BEGIN Stored data

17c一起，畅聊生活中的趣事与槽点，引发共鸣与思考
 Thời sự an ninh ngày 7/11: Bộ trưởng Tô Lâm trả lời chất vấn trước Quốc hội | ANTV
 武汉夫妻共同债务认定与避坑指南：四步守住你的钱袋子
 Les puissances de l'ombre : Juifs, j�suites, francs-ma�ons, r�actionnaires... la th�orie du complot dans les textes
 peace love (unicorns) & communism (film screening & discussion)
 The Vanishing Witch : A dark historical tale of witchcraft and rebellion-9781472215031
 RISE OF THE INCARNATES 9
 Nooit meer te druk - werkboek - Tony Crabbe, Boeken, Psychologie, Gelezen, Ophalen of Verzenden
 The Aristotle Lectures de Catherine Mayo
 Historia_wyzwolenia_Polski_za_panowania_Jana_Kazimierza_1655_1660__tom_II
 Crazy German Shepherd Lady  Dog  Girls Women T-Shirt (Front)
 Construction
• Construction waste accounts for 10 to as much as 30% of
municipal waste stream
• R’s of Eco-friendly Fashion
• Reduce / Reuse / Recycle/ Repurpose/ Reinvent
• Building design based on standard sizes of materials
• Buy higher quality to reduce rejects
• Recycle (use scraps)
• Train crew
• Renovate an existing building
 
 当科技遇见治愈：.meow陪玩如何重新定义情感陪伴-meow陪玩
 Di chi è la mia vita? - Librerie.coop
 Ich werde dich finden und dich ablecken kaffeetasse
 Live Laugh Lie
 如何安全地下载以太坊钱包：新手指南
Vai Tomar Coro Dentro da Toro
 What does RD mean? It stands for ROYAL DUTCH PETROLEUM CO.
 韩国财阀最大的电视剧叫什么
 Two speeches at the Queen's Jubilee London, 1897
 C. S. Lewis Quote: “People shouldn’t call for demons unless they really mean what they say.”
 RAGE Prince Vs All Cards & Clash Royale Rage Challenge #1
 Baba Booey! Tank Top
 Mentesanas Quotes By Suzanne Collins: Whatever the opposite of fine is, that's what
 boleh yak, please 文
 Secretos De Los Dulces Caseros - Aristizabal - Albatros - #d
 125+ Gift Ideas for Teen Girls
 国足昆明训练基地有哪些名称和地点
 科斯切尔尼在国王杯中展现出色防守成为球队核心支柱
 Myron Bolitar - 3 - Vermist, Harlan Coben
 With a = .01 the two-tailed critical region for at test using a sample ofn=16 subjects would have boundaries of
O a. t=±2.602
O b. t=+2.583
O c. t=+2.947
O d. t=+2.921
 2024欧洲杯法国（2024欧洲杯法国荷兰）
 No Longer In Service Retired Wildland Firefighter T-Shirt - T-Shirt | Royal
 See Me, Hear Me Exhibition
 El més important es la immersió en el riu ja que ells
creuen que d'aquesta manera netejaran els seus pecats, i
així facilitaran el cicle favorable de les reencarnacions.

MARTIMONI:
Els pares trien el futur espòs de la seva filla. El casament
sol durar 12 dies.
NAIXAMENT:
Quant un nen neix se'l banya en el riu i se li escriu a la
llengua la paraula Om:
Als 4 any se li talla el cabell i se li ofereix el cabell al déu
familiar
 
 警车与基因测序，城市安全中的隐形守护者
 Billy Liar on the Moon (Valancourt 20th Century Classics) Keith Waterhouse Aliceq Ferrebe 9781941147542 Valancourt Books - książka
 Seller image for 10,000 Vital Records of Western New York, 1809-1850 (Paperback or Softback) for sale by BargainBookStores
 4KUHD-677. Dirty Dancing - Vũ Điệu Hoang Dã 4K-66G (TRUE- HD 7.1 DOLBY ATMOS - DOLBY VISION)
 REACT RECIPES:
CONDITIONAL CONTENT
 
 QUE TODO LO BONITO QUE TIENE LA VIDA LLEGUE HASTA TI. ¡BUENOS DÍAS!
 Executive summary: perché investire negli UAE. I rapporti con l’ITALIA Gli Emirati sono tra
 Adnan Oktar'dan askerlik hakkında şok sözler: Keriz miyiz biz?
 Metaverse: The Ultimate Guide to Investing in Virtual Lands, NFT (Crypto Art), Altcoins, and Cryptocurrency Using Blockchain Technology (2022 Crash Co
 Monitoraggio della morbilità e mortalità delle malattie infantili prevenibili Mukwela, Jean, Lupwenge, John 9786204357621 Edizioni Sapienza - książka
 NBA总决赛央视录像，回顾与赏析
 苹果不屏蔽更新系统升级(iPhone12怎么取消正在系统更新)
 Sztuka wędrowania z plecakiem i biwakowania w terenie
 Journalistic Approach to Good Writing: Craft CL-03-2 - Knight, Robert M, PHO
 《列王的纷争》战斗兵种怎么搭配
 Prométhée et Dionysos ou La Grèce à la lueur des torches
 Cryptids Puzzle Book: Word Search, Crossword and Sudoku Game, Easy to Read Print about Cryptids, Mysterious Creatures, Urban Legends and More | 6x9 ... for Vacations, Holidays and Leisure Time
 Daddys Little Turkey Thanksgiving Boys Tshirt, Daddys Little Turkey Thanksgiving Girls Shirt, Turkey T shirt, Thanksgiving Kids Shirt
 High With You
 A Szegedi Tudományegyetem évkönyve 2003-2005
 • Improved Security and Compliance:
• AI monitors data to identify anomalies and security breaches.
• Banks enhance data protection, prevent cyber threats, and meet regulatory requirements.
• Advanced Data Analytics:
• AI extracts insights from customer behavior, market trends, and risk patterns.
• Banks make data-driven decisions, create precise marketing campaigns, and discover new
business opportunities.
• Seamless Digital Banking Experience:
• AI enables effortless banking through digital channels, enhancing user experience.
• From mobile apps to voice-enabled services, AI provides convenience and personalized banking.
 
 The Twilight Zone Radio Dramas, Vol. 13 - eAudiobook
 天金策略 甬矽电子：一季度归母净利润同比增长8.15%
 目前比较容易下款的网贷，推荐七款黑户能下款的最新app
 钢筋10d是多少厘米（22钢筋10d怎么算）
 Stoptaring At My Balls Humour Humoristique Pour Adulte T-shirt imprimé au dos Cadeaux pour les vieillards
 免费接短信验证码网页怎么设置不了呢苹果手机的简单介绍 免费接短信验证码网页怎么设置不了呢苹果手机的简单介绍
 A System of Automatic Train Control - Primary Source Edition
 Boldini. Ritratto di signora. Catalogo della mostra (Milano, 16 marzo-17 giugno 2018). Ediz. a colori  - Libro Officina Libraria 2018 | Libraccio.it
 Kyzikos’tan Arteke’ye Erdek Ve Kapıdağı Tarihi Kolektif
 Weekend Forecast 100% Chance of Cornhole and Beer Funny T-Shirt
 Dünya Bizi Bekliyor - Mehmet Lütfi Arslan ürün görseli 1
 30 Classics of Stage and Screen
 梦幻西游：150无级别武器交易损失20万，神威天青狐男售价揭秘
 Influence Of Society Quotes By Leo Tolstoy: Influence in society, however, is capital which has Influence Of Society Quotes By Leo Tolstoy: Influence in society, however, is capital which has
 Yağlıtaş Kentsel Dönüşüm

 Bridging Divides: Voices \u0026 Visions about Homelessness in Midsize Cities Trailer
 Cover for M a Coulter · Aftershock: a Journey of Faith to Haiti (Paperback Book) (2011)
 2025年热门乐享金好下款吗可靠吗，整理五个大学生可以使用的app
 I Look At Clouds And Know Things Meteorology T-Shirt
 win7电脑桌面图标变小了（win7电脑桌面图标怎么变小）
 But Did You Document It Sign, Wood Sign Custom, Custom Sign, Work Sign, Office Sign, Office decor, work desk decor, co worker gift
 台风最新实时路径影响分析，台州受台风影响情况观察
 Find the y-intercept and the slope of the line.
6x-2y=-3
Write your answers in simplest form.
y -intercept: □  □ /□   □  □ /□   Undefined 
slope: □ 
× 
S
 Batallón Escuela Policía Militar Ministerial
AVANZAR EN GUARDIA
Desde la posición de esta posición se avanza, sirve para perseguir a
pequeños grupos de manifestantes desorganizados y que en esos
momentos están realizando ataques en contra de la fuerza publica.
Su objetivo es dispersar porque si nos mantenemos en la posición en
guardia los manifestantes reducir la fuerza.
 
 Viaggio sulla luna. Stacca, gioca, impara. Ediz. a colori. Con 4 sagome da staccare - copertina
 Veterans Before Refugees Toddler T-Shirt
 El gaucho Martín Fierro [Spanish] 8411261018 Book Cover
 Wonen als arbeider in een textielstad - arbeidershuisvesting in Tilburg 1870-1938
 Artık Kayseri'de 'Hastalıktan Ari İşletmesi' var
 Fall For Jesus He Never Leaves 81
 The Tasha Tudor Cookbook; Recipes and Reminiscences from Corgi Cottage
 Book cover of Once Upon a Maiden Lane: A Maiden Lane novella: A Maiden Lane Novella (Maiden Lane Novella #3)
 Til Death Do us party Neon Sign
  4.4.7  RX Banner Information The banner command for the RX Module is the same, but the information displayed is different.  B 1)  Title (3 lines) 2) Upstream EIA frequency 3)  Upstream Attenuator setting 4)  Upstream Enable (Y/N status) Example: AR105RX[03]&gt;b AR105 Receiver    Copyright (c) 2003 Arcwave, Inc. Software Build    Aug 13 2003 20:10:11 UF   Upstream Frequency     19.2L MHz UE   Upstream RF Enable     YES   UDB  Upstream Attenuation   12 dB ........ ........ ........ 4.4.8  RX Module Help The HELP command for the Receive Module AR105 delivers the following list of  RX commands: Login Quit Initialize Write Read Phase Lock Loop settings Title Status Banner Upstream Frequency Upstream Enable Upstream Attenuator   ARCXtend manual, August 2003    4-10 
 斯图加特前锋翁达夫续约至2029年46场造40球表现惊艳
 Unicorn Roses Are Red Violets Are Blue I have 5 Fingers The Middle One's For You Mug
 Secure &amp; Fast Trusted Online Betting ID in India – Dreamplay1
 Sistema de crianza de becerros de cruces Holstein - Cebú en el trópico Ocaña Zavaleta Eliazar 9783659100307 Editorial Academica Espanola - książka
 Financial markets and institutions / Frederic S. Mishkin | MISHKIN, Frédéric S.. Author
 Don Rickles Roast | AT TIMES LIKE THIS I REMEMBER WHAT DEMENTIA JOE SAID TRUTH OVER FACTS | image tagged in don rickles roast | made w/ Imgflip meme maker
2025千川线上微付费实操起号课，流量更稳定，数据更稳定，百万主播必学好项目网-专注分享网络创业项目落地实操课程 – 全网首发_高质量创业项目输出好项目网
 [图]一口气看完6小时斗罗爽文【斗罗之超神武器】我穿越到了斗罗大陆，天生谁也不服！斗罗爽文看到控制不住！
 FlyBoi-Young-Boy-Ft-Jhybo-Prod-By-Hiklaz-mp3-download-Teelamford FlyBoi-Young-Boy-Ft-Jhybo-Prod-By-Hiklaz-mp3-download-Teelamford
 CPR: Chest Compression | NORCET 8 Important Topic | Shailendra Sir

END Stored data

• **What is being asked**: Considering only the material above, set down every line from the one with "O c. t=+2.947" to the one with "Metaverse: The Ultimate", inclusive, exactly as written.

• **Reply to the task**:
O c. t=+2.947
O d. t=+2.921
 2024欧洲杯法国（2024欧洲杯法国荷兰）
 No Longer In Service Retired Wildland Firefighter T-Shirt - T-Shirt | Royal
 See Me, Hear Me Exhibition
 El més important es la immersió en el riu ja que ells
creuen que d'aquesta manera netejaran els seus pecats, i
així facilitaran el cicle favorable de les reencarnacions.

MARTIMONI:
Els pares trien el futur espòs de la seva filla. El casament
sol durar 12 dies.
NAIXAMENT:
Quant un nen neix se'l banya en el riu i se li escriu a la
llengua la paraula Om:
Als 4 any se li talla el cabell i se li ofereix el cabell al déu
familiar
 
 警车与基因测序，城市安全中的隐形守护者
 Billy Liar on the Moon (Valancourt 20th Century Classics) Keith Waterhouse Aliceq Ferrebe 9781941147542 Valancourt Books - książka
 Seller image for 10,000 Vital Records of Western New York, 1809-1850 (Paperback or Softback) for sale by BargainBookStores
 4KUHD-677. Dirty Dancing - Vũ Điệu Hoang Dã 4K-66G (TRUE- HD 7.1 DOLBY ATMOS - DOLBY VISION)
 REACT RECIPES:
CONDITIONAL CONTENT
 
 QUE TODO LO BONITO QUE TIENE LA VIDA LLEGUE HASTA TI. ¡BUENOS DÍAS!
 Executive summary: perché investire negli UAE. I rapporti con l’ITALIA Gli Emirati sono tra
 Adnan Oktar'dan askerlik hakkında şok sözler: Keriz miyiz biz?
 Metaverse: The Ultimate Guide to Investing in Virtual Lands, NFT (Crypto Art), Altcoins, and Cryptocurrency Using Blockchain Technology (2022 Crash Co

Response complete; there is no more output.